Just purchased a 19’ Angler in western Arizona, 1743 miles from here in Guttenberg, Iowa.

This C-Dory has a 2004 Honda 90 HP, four stroke.

Knowing absolutely nothing about Honda motors, is there a recommended towing position?

Any other helpful comments are always welcome and appreciated.

Regards,

Ron Fisher
 
Just to beat the subject to death, here are a couple of thoughts I have on uppe vs downie.

First, the main thought for me is to reduce the load on the transom when I'm towing. We use the interstate and that's a rough ride. So what position puts the least load into the transom? The vertical load is the same no matter what the position, the motor certainly doesn't weigh less no matter how it's tilted. Now the motors moment on the transom (the torque the weight of the motor puts into the transom) is a maximum when the motor is down since the CG (center of gravity) of the motor is as far back as it can get. As the motor is tilted up the CG moves forward, until (I hope,) it's directly over the transom or even in front. That gives the transom a minimum inertial load as the trailer bounces down the road, just fore and aft shocks. So I try to get the motor up as high as I can.

Now, I can't tilt the motor up far enough to engage the lock, courtesy of the feedback pot for the autopilot. And so what, you say? Well, the motor is supported in tilt by the tilt hydraulic system, right? So when the motor is tilted up the rotational shocks are passed through to the transom by the hydraulic system, so there are hydraulic pressure surges as the trailer bounces down the road. That's why the factory installs that mechanical lock, to take the load off the hydraulics. So far I haven't blown the tilt hydraulics. And again, tilting the motor up whilst towing reduces the hydraulic loads, using the same rationale as above.

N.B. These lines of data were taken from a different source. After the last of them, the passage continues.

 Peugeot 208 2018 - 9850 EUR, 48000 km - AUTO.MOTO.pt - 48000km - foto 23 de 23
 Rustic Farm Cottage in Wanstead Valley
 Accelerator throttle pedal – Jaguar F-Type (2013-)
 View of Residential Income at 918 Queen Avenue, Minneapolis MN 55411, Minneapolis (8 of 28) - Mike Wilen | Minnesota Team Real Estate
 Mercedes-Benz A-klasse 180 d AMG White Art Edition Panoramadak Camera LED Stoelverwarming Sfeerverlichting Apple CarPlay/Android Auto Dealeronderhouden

Any questions from the back of the room?

Merry Christmas, Boris
 
The other side of the coin is that there is more torque load on the transom when the motor is tilted up. So I leave it down. Some motor's manufactures say that the locks are not designed for trailering--just as a safety when mooring or working on the unit.

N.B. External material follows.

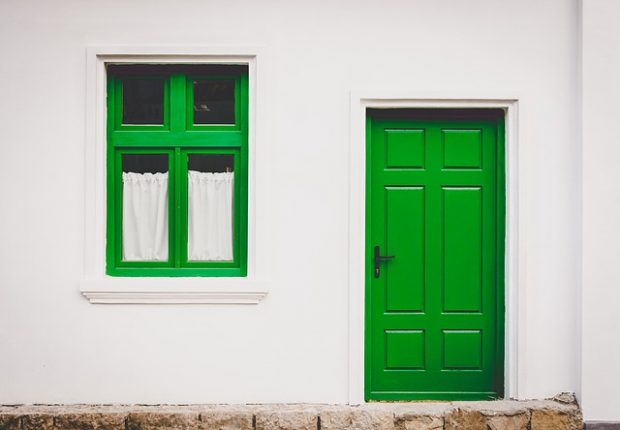 Dom z zielonymi drzwiami i oknem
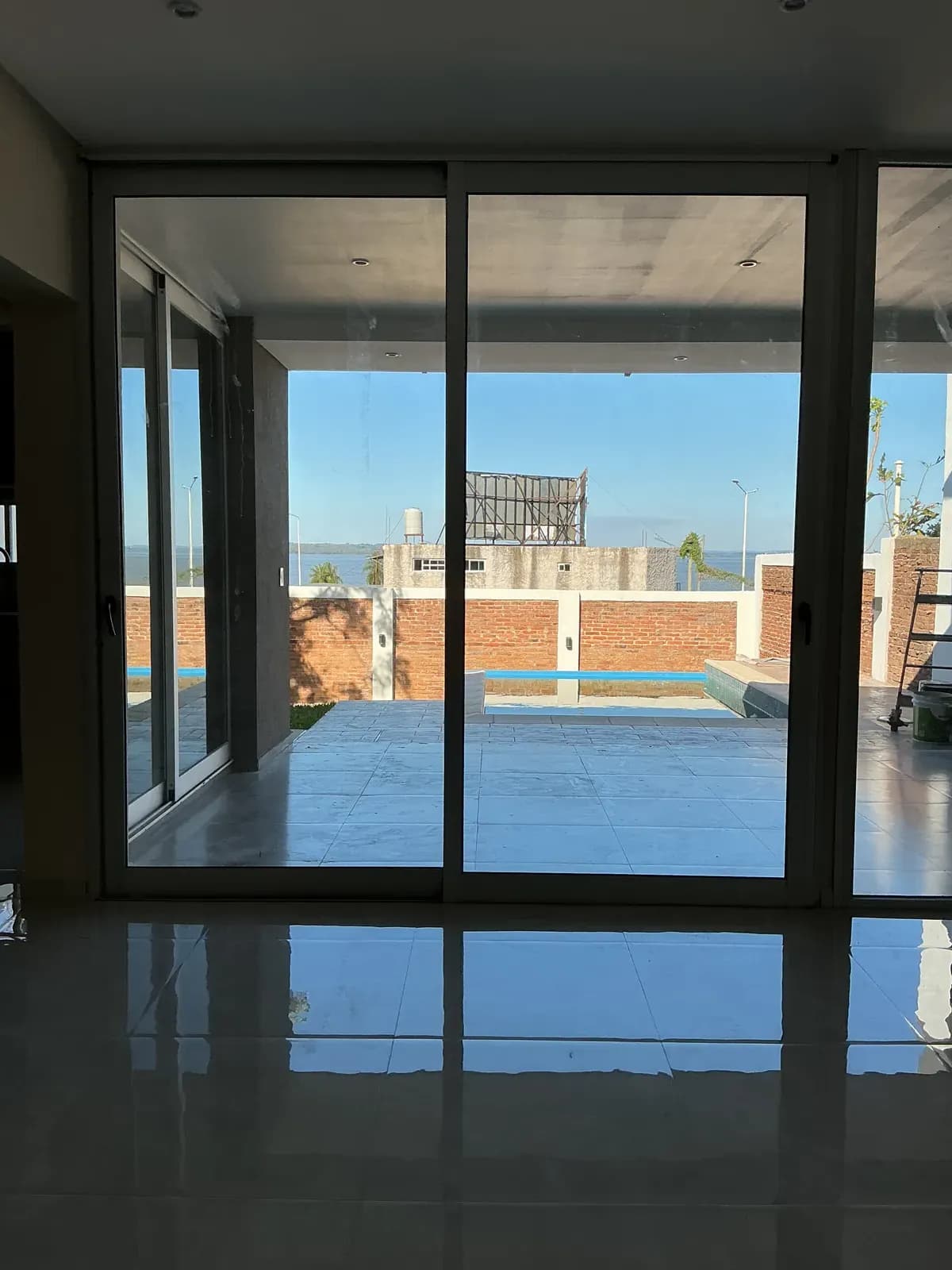 Ventanal con vista al patio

Then there is a Transom Saver--which is a crutch which fits over the lower unit, and takes that load to the trailer frame.
 
thataway":2dzmq06i said:
The other side of the coin is that there is more torque load on the transom when the motor is tilted up. So I leave it down. Some motor's manufactures say that the locks are not designed for trailering--just as a safety when mooring or working on the unit.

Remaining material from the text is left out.